Review Index:

ARM Tech Day 2016: Introducing Cortex-A73, Mali-G71, and CCI-550

Subject: General Tech
Manufacturer: ARM

New Products for 2017

PC Perspective was invited to Austin, TX on May 11 and 12 to participate in ARM’s yearly tech day.  Also invited were a handful of editors and analysts that cover the PC and mobile markets.  Those folks were all pretty smart, so it is confusing as to why they invited me.  Perhaps word of my unique talent of screenshoting PDFs into near-unreadable JPGs preceded me?  Regardless of the reason, I was treated to two full days of in-depth discussion of the latest generation of CPU and GPU cores, 10nm test chips, and information on new licensing options.

View Full Size

Today ARM is announcing their next CPU core with the introduction of the Cortex-A73. They are also unwrapping the latest Mali-G71 graphics technology.  Other technologies such as the CCI-550 interconnect are also revealed.  It is a busy and important day for ARM, especially in light of Intel seemingly abandoning the sub-milliwatt mobile market.

View Full Size


ARM previously announced the Cortex-A72 in February, 2015.  Since that time it has been seen in most flagship mobile devices in late 2015 and throughout 2016.  The market continues to evolve, and as such the workloads and form factors have pushed ARM to continue to develop and improve their CPU technology.

View Full Size

The Sofia Antipolis, France design group is behind the new A73.  The previous several core architectures had been developed by the Cambridge group.  As such, the new design differs quite dramatically from the previous A72.  I was actually somewhat taken aback by the differences in the design philosophy of the two groups and the changes between the A72 and A73, but the generational jumps we have seen in the past make a bit more sense to me.

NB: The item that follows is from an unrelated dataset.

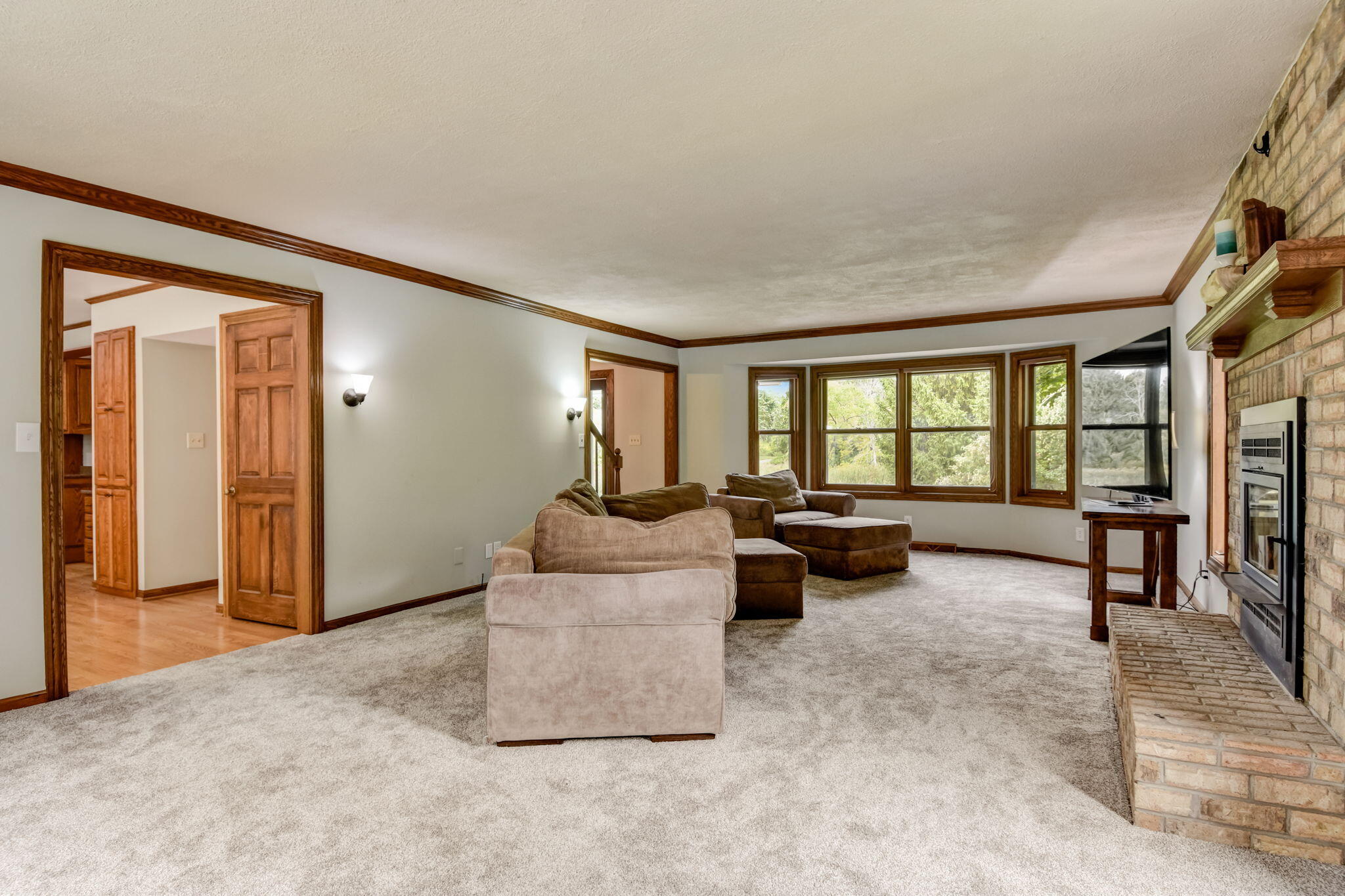 5703 Oakdale Ct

The marketplace is constantly changing when it comes to workloads and form factors.  More and more complex applications are being ported to mobile devices, including hot technologies like AR and VR.  Other technologies include 3D/360 degree video, greater than 20 MP cameras, and 4K/8K displays and their video playback formats.  Form factors on the other hand have continued to decrease in size, especially in overall height.  We have relatively large screens on most premium devices, but the designers have continued to make these phones thinner and thinner throughout the years.  This has put a lot of pressure on ARM and their partners to increase performance while keeping TDPs in check, and even reducing them so they more adequately fit in the TDP envelope of these extremely thin devices.

View Full Size

Click here to continue reading about ARM's Tech Day 2016!

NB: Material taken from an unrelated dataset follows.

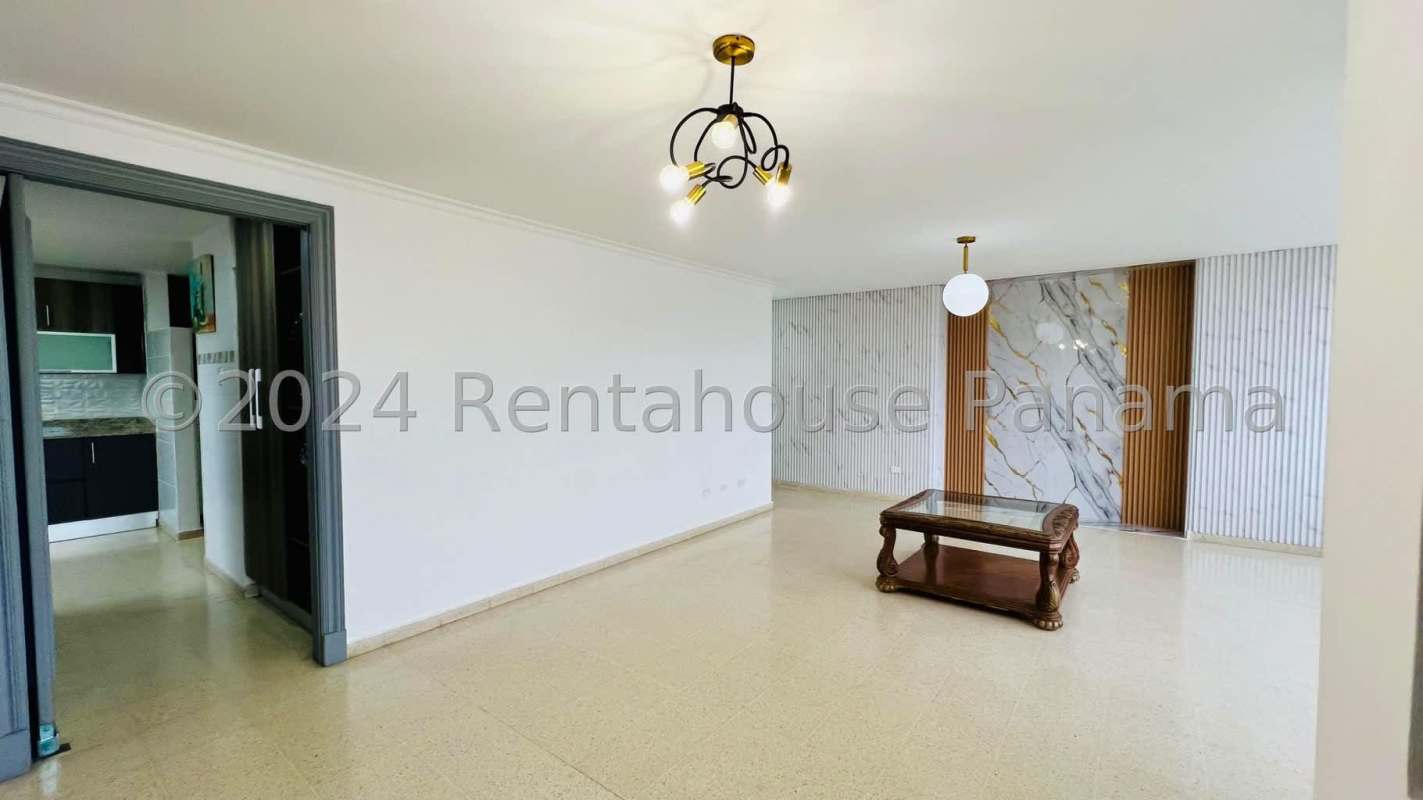 Large bedroom with closet, big windows, panoramic skyline views PH Cancun Obarrio Panama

The focus for the design of the A73 is simply to increase overall performance, decrease power, and leverage the very latest process nodes from a variety of pure-play foundries.  Sounds pretty simple, right?  Obviously not.  ARM has taken these performance and power considerations and focused their attention on keeping clockspeeds up, but improve IPC and efficiency (both from a power and pipeline perspective).  The Sofia group started from the ground up with a new design that does not derive from the previous A72.

View Full Size

The base design features a 2-wide superscalar engine with dual decode.  The previous A72 featured a triple decode engine.  Our first reaction is of course, “Higher numbers of units means better performance!”  This is not necessarily true, and ARM has managed to improve IPC through a variety of ways, all the while simplifying the design.  The core is code named “Artemis”, which is the product we covered in our Artemis/10nm article a few weeks back.  This is designed to be one of the smallest cores that ARM has introduced with a die size of 0.65mm sq. per core on the 10nm process.

View Full Size

Quite a bit of performance and efficiency has been gained from by going to a dual decode unit.  ARM has implemented an instruction-fusion capability that allows multiple instructions to be fused and dispatched at once.  They also have reduced the number of instructions that have to be split into Micro-OPS.  Previously more complex instructions were split into these Micro-OPS, which increases latency and consumes extra clock cycles.  By radically reworking the front end, ARM is allowing greater efficiency in instruction decode and dispatch.  This improves performance, decreases complexity, and gives a good jump in power efficiency.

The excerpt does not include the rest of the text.